Neglected Ways of Being God’s Story-tellers

Neglected Ways of Being God’s Story-tellers

By: John Freund on Jan 28, 2020   /   Around the Province

In his recently released message for the 54th World Day of Communication Pope Francis writes movingly that we are not only God’s story but that we must also be God’s storytellers of that story as lived in us and in our brothers and sisters.

“The Gospel of John tells us that the quintessential storyteller – the Word – himself becomes the story: “God’s only Son, who is at the Father’s side, has made him known” (Jn 1: 18). …The history of Christ is not a legacy from the past; it is our story, and always timely. … “You” – Saint Paul wrote – “are a letter from Christ delivered by us, written not with ink but with the Spirit of the living God, not on tablets of stone but on tablets of human hearts” (2 Cor 3:3).

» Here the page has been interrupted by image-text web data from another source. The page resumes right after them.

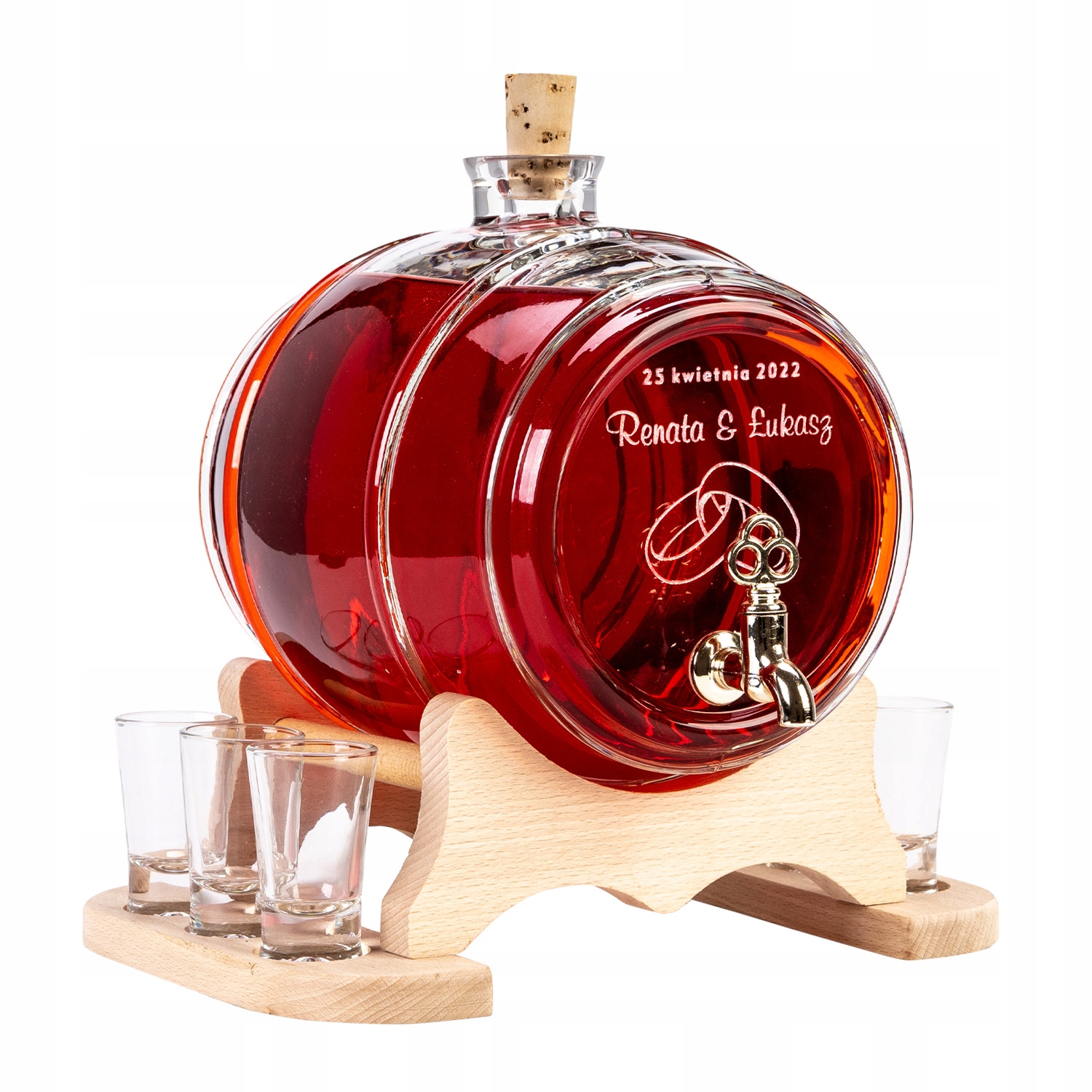 Skleněný Sud 4L s kohoutkem Skleničky Gravírování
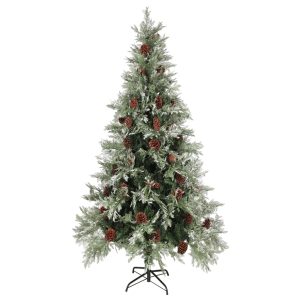 Božićno drvce sa šiškama zeleno-bijelo 225 cm PVC i PE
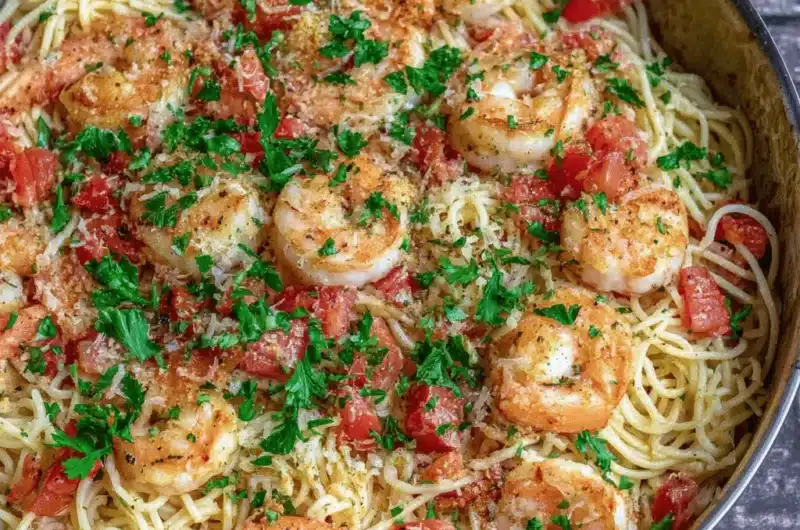 Plump shrimp and thin spaghetti with tomatoes and parsley in a skillet, showcasing easy shrimp pasta recipes.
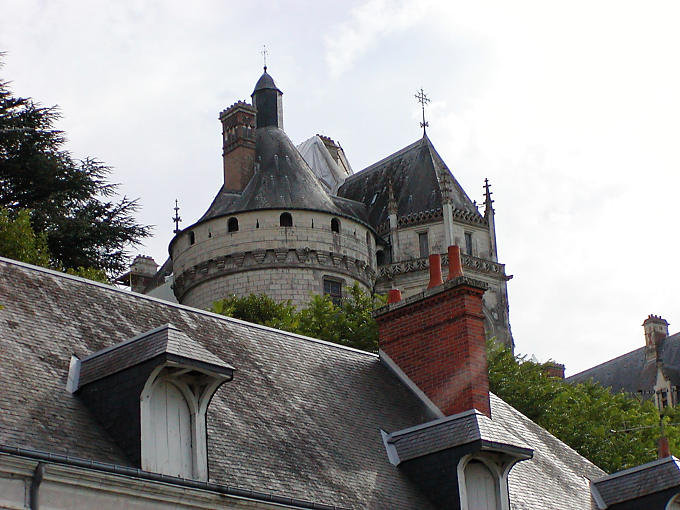 Roofs and tower Chaumont-sur-Loire, France.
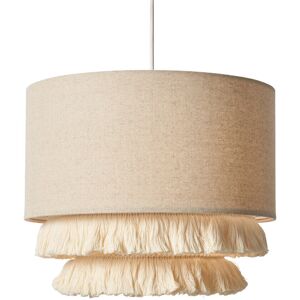 Litecraft Cassie Light Shade 2 Tiered Tassel Drum Easy Fit Lampshade - Natural Litecraft Cassie Light Shade 2 Tiered Tassel Drum Easy Fit Lampshade - Natural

With the gaze of the great storyteller – the only one who has the ultimate point of view – we can then approach the other characters, our brothers and sisters, who are with us as actors in today’s story. For no one is an extra on the world stage, and everyone’s story is open to possible change. Even when we tell of evil, we can learn to leave room for redemption; in the midst of evil, we can also recognize the working of goodness and give it space.

Certainly, there are many ways we can manifest our vocation to be God’s storytellers. Another Francis said centuries earlier his humble followers “Preach the Gospel always… and if you must use words.”

We are both God’s story and God’s storytellers. But not only storytellers our own stories but especially for our forgotten and marginalized sisters and brothers. We do so out of the awareness of our own marginalization and grace-filled story.

Vincent as a Voice of the poor

We have a tradition going back to Vincent who was a Voice of the poor.

St. Vincent de Paul was himself shaped by the story of the Good News as told by the inspired writers, especially Luke and Matthew. The story in Luke 4 reveals of Jesus’ mission statement – Bring Good News to the Poor.  It also gave Vincent and his family the formulation of their mission statement. Another inspired writer, Matthew tells the story of the roots of this mission  – God’s identification with the poor. “Whatsoever you do to the least of my brothers and sister you do for me.” (MT 25). These storytellers led Vincent to see poverty in a new light.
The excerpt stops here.